Purified water, such as reverse osmosis (RO) or deionized (DI) water contains few to no ions. Therefore, it is very different from soft or hard water in how it relates to cleaner baths. Since there is a dearth of Total Dissolved Solids (TDS) contained in the solution, purified water does not inhibit saponification or increase the amount of sludge in the bottom of a cleaner. With purified water, cleaner softening is not a concern nor is issues with ensuring the cleaner is contained within the solution. However, purified water is the most expensive of the three water options. It is much more expensive than hard water, and is even more expensive than softened water.

Cost

The cost of purified water is its constant downfall. Were it as cheap as hard water, there would be absolutely no reason to use anything else. Because of this, purified water rinse tanks are not much more than a nice thought for many platers.

Purified water is truly ideal for rinse tanks, since it will add next to zero to the process and will readily accept soils/soaps from the surface of a part. However, there are methods to maximize rinsing with non-purified water, such as counter flow the rinse tanks. The effect of this practice would be amplified in a rinse containing purified water.

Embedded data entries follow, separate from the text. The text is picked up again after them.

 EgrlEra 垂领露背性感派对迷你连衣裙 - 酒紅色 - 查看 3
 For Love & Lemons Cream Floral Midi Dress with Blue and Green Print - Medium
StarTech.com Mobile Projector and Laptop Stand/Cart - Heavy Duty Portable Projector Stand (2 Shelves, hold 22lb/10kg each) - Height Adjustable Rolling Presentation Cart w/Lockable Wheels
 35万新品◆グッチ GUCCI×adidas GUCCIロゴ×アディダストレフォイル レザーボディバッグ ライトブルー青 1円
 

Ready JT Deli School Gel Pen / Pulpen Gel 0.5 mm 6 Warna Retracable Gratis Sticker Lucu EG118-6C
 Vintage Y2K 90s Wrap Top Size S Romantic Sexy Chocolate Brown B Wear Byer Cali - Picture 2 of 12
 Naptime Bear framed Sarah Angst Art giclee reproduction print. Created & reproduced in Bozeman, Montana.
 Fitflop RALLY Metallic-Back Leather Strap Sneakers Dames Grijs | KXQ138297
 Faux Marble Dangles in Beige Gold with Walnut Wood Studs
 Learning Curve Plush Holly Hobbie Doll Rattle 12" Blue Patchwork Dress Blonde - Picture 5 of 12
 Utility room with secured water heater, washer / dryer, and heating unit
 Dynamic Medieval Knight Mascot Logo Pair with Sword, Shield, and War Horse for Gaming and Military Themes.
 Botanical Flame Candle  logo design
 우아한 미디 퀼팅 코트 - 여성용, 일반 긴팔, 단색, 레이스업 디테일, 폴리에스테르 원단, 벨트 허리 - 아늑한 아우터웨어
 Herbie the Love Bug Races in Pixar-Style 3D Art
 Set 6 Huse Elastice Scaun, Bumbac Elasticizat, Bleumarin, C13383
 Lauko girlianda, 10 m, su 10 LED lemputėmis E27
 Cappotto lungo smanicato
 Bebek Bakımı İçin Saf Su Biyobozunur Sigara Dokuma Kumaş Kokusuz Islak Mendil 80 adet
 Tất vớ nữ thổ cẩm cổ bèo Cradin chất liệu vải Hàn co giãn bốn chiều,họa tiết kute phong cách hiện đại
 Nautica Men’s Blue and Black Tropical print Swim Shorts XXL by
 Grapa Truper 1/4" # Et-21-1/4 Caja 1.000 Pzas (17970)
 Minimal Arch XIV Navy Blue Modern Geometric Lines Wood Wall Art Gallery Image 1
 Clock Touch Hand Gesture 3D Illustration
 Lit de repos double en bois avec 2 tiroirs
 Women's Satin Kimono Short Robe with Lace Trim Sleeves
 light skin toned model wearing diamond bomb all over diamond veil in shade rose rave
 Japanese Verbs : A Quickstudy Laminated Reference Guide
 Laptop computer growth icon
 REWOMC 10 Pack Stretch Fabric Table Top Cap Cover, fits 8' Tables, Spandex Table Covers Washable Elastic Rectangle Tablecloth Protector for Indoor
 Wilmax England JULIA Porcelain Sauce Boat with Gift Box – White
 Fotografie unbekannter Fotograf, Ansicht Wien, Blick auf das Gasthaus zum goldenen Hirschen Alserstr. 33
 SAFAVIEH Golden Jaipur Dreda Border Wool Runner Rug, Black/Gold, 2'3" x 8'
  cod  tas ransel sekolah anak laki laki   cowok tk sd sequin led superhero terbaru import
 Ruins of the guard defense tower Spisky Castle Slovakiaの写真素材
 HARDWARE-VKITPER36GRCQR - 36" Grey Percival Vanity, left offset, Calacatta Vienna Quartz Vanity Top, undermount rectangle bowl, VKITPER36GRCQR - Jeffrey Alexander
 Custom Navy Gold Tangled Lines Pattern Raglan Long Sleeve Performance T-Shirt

Purified water causes little to no problems in the plating and post-treatment tanks. No issues exist with sludge or outside contamination from your water source. Whatever you put into the tank is the only things present requiring monitoring. Since plating and post treatment tanks represent the biggest investment of your entire process line, RO and DI are recommended to add a highest level of assurance that your investment is protected.

Conclusion

There are three different types of water and each impacts plating in different ways. Hard water, while likely the least expensive option, has the potential to cause the most issues. Soft water, usually the mid-range cost option, is acknowledged to possess substantially less issues when compared with hard water. Finally, purified water is the most costly alternative, yet is recommended as the best option.

Jake Fischer is an author for Asterion LLC, a surface technology company. Next week’s article will examine the use and selection of soft water when employed as part of the plating process. To obtain a copy of the complete white paper, “Water and the Plating Process,” please contact answers@asterionstc.net or click here.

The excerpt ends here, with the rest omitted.